Ian's career as a master hacker was fabricated in 1986 after he and his unemployed wife decided to form some type of business.
He has a long history of computer and Internet frauds. One of his favourite games is to forge Email headers and to send out third-party threat letters.
Kevin Mitnick is a computer security consultant and author, who infiltrates his clients’ companies to expose their security strengths, weaknesses, and potential loopholes.
He is the first hacker to have his face immortalized on an FBI "Most Wanted" poster. He was formerly the most wanted computer criminal in the history of United States.
From the 1970s up until his last arrest in 1995, he skilfully bypassed corporate security safeguards, and found his way into some of the most well-guarded systems such as Sun Microsystems, Digital Equipment Corporation, Motorola, Netcom, and Nokia.
Mark Abene, known around the world by his pseudonym Phiber Optik, is an information security expert and entrepreneur. He was a high-profile hacker in the 1980s and early 1990s. He was one of the first hackers to openly debate and defend the positive merits of ethical hacking as a beneficial tool to industry.
His expertise spreads across penetration studies, on-site security assessments, secure code reviews, security policy review and generation, systems and network architecture, systems administration and network management, among many others. His clientele includes American Express, UBS, First USA, Ernst & Young, KPMG and others.
Johan Helsingius, better known as Julf, came into the limelight in the 1980s when he started operating the world's most popular anonymous remailer, called penet.fi.
Johan was also responsible for product development for the first Pan-European internet service provider, Eunet International.
He is at present, a member of the board of Technologia Incognita, a hackerspace association in Amsterdam, and supports the communication companies worldwide with his cyber knowledge.
Linus Torvalds is known as one of the best hackers of all time. He rose to fame by creating Linux, the very popular Unix-based operating system. Linux is open source and thousands of developers have contributed to its Kernel. However, Torvalds remains the ultimate authority on what new code is incorporated into the standard Linux kernel. As of 2006, approximately two percent of the Linux kernel was written by Torvalds himself.
He just aspires to be simple and have fun by making the world’s best operating system. Torvalds has received honorary doctorates from Stockholm University and University of Helsinki.

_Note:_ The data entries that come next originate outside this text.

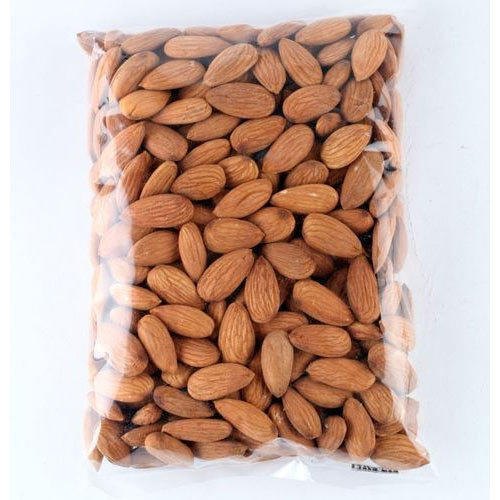 BADAMS ( ALMONDS )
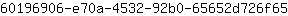 6***5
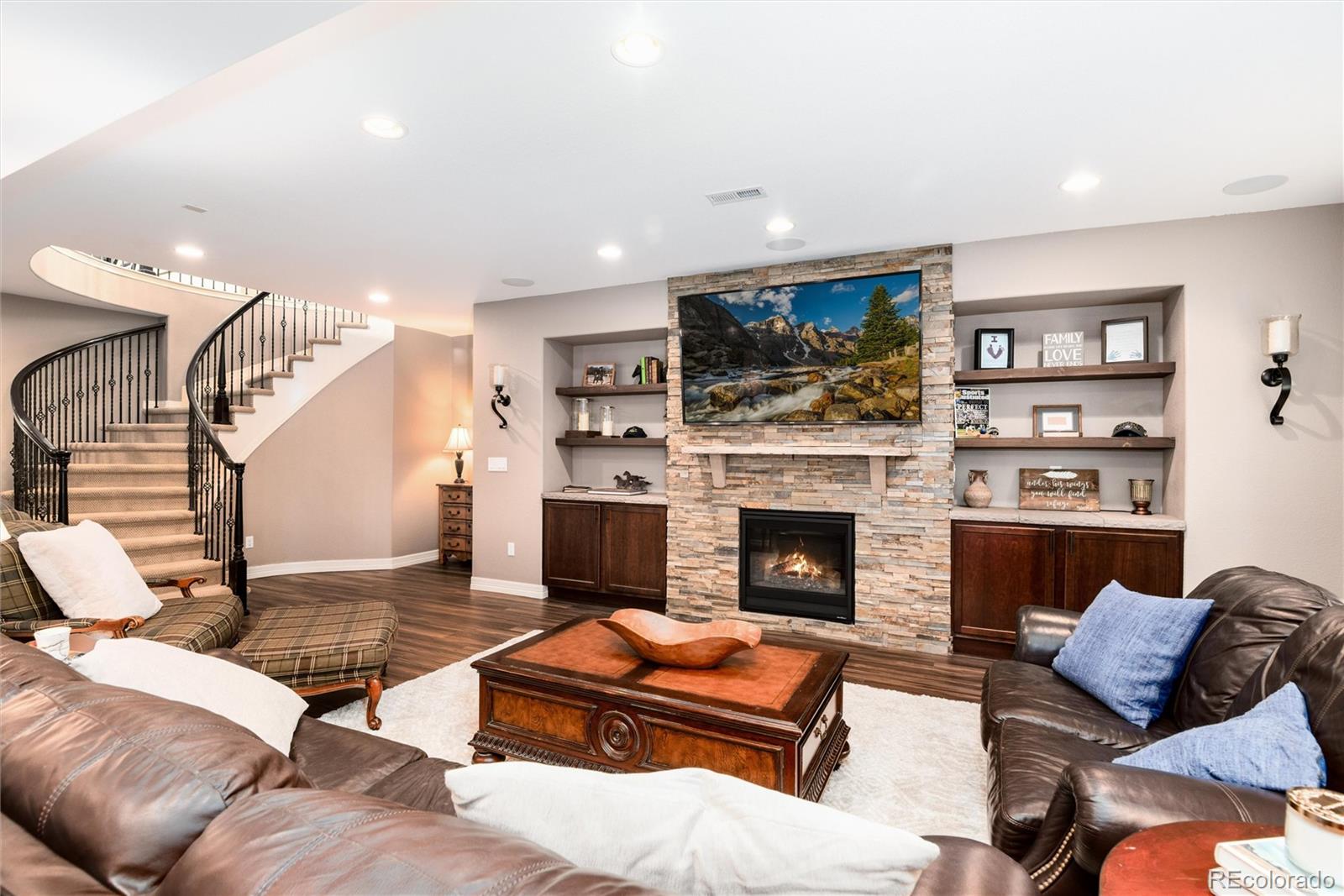 MLS Image #33 for 634  hiddenbrook court,highlands ranch, Colorado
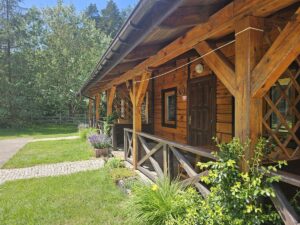 apartamenty-noclegi-mazury-domki-letniskowe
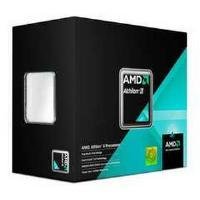 Amazon.com: AMD Athlon II X4 645 Processor (ADX645WFGMBOX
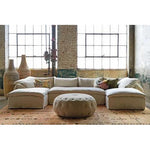 Grade : J Amethyst Home provides interior design, new home construction design consulting, vintage area rugs, and lighting in the Austin metro area.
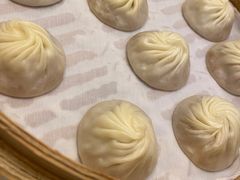 -鼎泰丰(渔阳店)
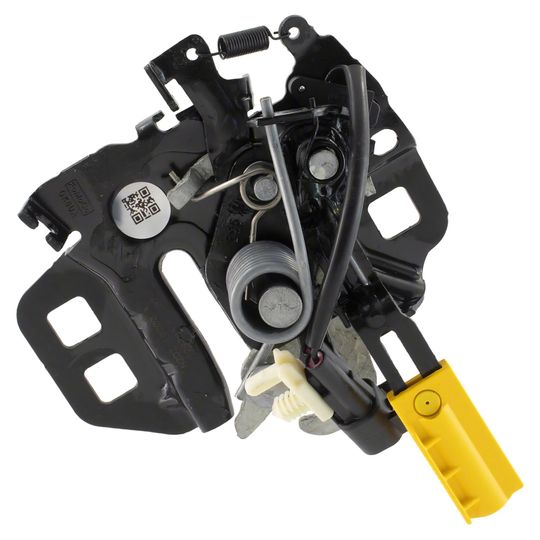 ford-partes-originales-chapa-para-cofre-oem-ford-bronco-2022-2025-bronco-0 ford-partes-originales-chapa-para-cofre-oem-ford-bronco-2022-2025-bronco-0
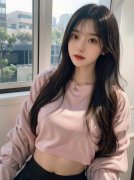 东全省正在产工业行业大类增加面66.7%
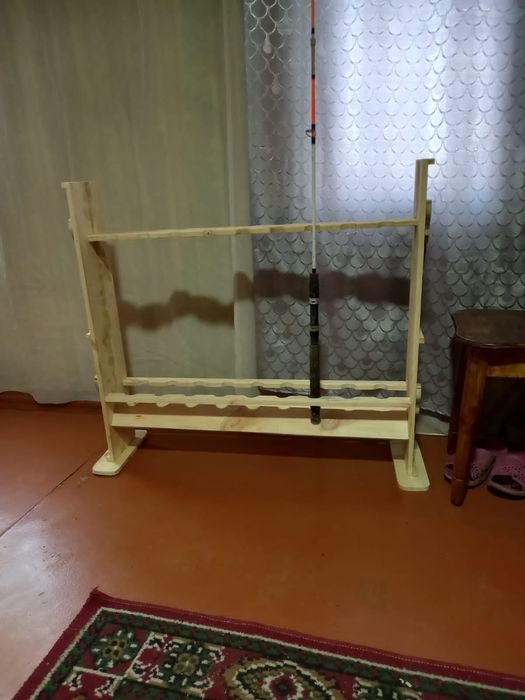 Продам подставка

Robert Morris, known as the creator of the Morris Worm, the first computer worm to be unleashed on the Internet. The worm had the capability to slow down computers and make them no longer usable. As a result of this, he was sentenced to three years’ probation, 400 hours of community service and also had to pay a penalty amount of $10,500.
Morris is currently working as a tenured professor at the MIT Computer Science and Artificial Intelligence Laboratory.
Gary McKinnon is a renowned systems administrator and hacker. He was famously accused of the “biggest military computer hack of all time”. He had successfully hacked the networks of Army, Air Force, Navy and NASA systems of the United States government.
In his statements to the media, he has often mentioned that his motivation was only to find evidence of UFOs, antigravity technology, and the suppression of “free energy” that could potentially be useful to the public.
Kevin Poulsen, also known as Dark Dante, became famous for his notoriety when he took over all the telephone lines of Los Angeles radio station KIIS-FM, guaranteeing that he would be the 102nd caller and win the prize of a Porsche 944 S2.
Poulsen also drew the ire of FBI, when he hacked into federal computers for wiretap information, for which he had to serve a sentence of five years. He has reinvented himself as a journalist and has carved a niche for himself in this field.